I take back what I said about the new Spider-Man movie. There actually is something worse than remaking a 10-year-old blockbuster.
THR: People can get fanatical about the movies — how does that make you feel? The puppet vs. CGI Yoda ruckus, and the who-shot-first, Han Solo or Greedo furor come to mind.
Lucas: Well, it’s not a religious event. I hate to tell people that. It’s a movie, just a movie. The controversy over who shot first, Greedo or Han Solo, in Episode IV, what I did was try to clean up the confusion, but obviously it upset people because they wanted Solo [who seemed to be the one who shot first in the original] to be a cold-blooded killer, but he actually isn’t. It had been done in all close-ups and it was confusing about who did what to whom. I put a little wider shot in there that made it clear that Greedo is the one who shot first, but everyone wanted to think that Han shot first, because they wanted to think that he actually just gunned him down.

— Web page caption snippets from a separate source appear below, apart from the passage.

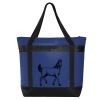 Large Tote Cooler Thumbnail
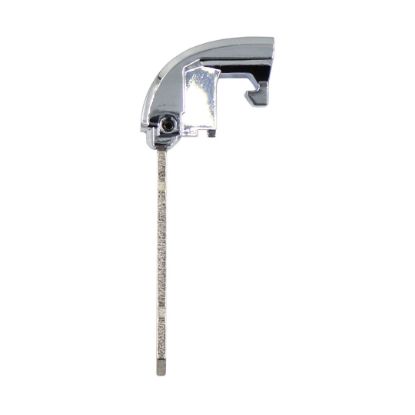 HONDA CIVIC 2022  Emergency Smart Remote Key Blade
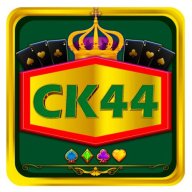 ck44live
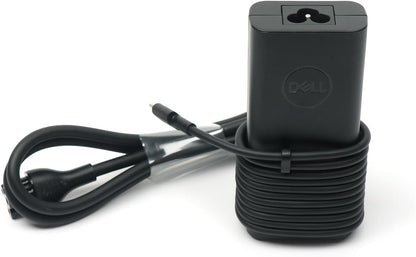 Dell HA65NM190 - 65W USB-C Laptop Charger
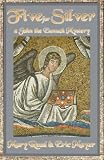 Five for Silver: A John the Eunuch Mystery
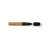 Rabbit Bar Tool Set Cocktail Kits, 5 Piece, Assorted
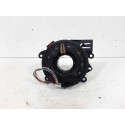 Cinta Hard Disk Airbag Bmw 540i 1996 1997 1998 1999 A 2004 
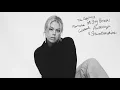 SAYGRACE - Crying Skies (Official Audio)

It’s the same thing with Yoda. We tried to do Yoda in CGI in Episode I, but we just couldn’t get it done in time. We couldn’t get the technology to work, so we had to use the puppet, but the puppet really wasn’t as good as the CGI. So when we did the reissue, we had to put the CGI back in, which was what it was meant to be.
This is the problem in a nutshell: He’s the only one who thinks the puppet wasn’t as good as the CGI. He also probably thinks the CGI spacecraft in the prequels were better than the models they used in the original trilogy. Not so. As good as CGI is now, it often still looks artificial in a way that the models and costumes didn’t. (See the brilliant Red Letter Media critiques of the prequels for much, much, much more on Lucas’s ruinous addiction to computer-generated imagery.) I’m sincerely amazed sometimes at how little he seems to understand why his movies appeal to people. Even if he did intend to edit the original Han/Greedo scene so that Greedo shot first, you’d think he’d have the good sense to accept the public’s misunderstanding of a happy accident and play it off as something he intended. Of course Han should shoot first: He’s a roguish space cowboy in a seedy saloon in the space equivalent of the wild west. He’s got a gun pointed at him and some shady green varmint telling him he’s about to die. Pull the trigger. The difference between Lucas and Spielberg is how Lucas re-edited the Greedo scene and how Spielberg didn’t re-edit the scene of Indiana Jones shooting the swordsman in “Raiders of the Lost Ark.” Spielberg fully understands why the latter is so cool. He wouldn’t change it if you chained him to the editing machine, I’d bet.
I’m starting to think Lucas’s endless mind games with “Star Wars” fans is some sort of “Magic Christian” prank in which he’s gotten bored with his mountain of money and is now having fun by messing with people’s heads. Maybe he’ll put Jar Jar in one of the TIE fighters at the end of “Star Wars” when he does the next re-edit, just to kick his most devoted acolytes in the groin. Exit question: Should Obama step in and have this guy arrested before he can do any more damage? Granted, Lucas hasn’t done anything illegal, but O’s all about acting extra-legally for virtuous ends. And this end would be virtuous enough that his approval rating would jump 20 points overnight.
Update: Screwed up the headline but it’s fixed now.